*TASK DETAILS*:
Go through the data below and repeat it exactly, skipping each picture.
===== INFORMATION SHOWN
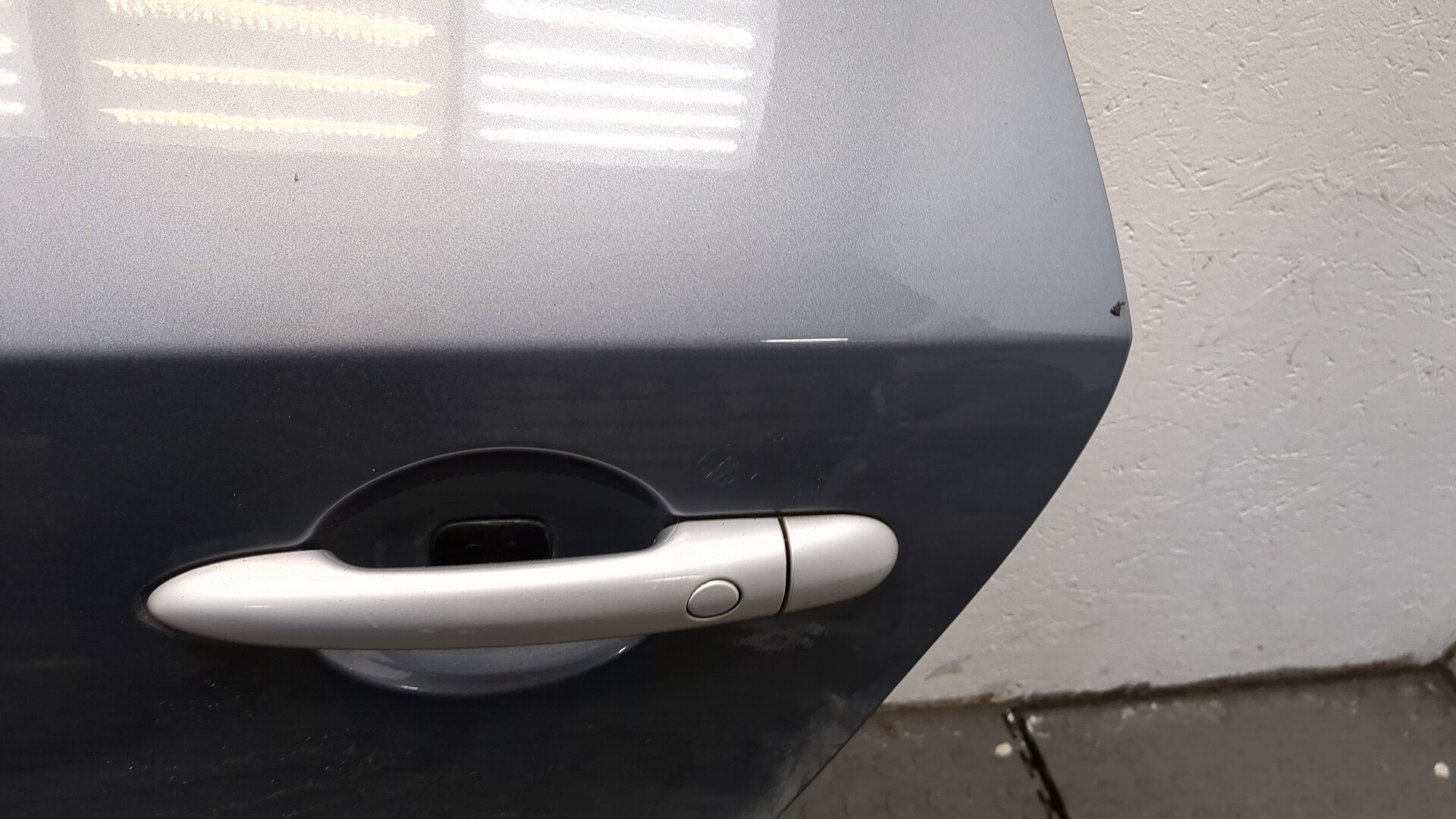 Дверь задняя левая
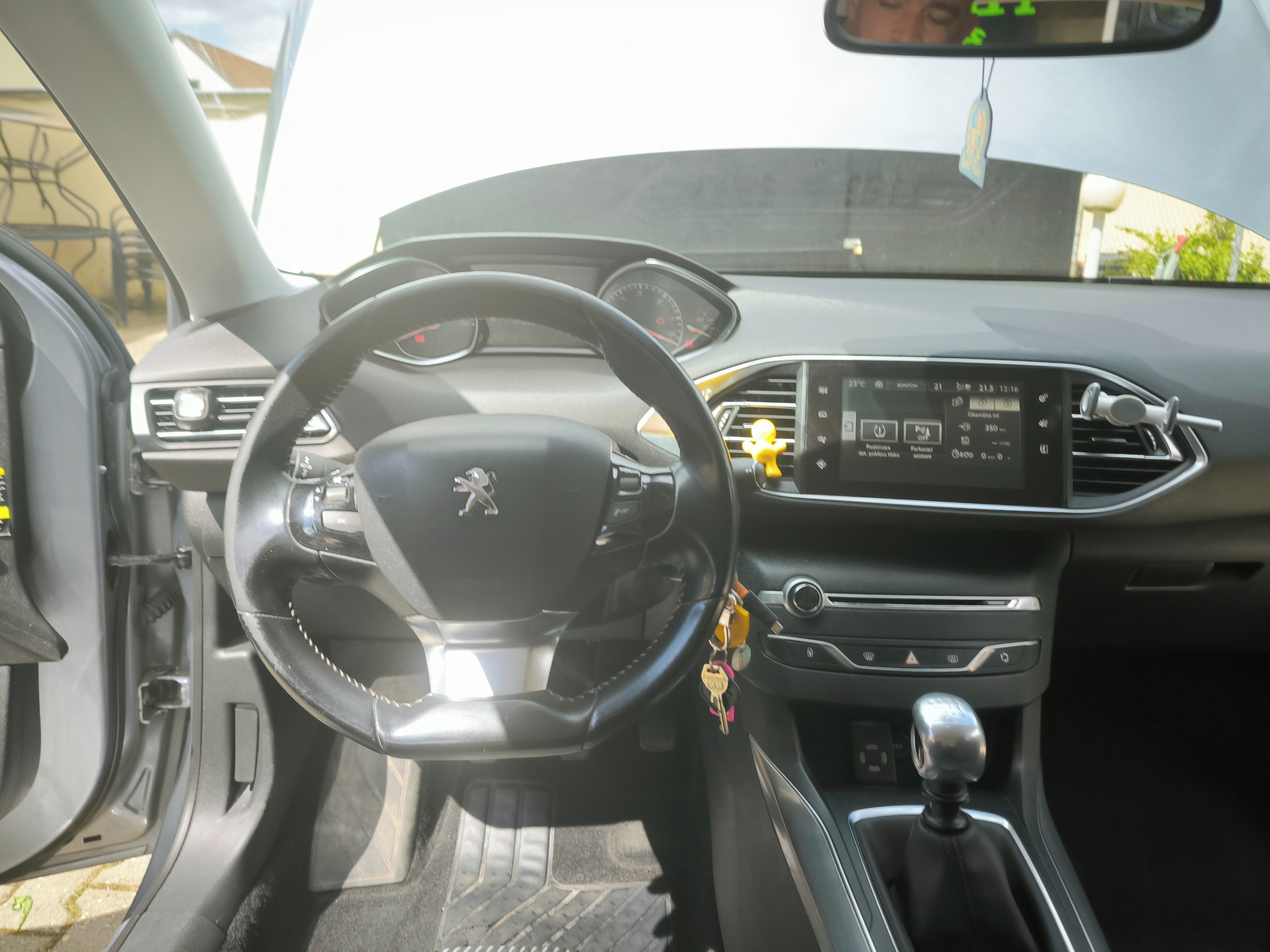 Peugeot 308, Peugeot 308 SW ALLURE - fotka 5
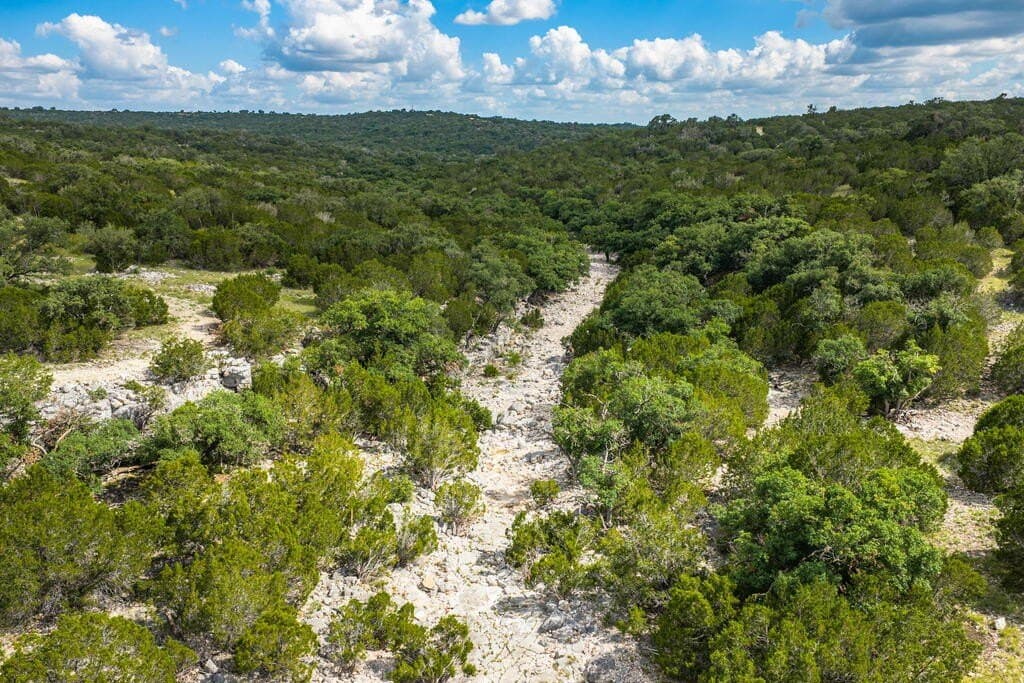 100 acres in Real County - photo 28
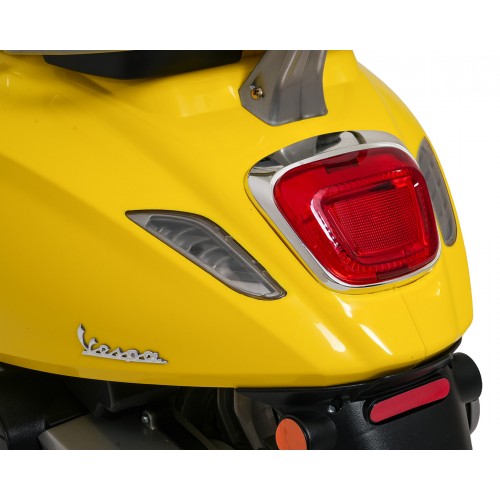 Vehicle Scooter Vespa ROMA Yellow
==========
*RESPONSE BELOW*:
 Дверь задняя левая
 Peugeot 308, Peugeot 308 SW ALLURE - fotka 5
 100 acres in Real County - photo 28
 Vehicle Scooter Vespa ROMA Yellow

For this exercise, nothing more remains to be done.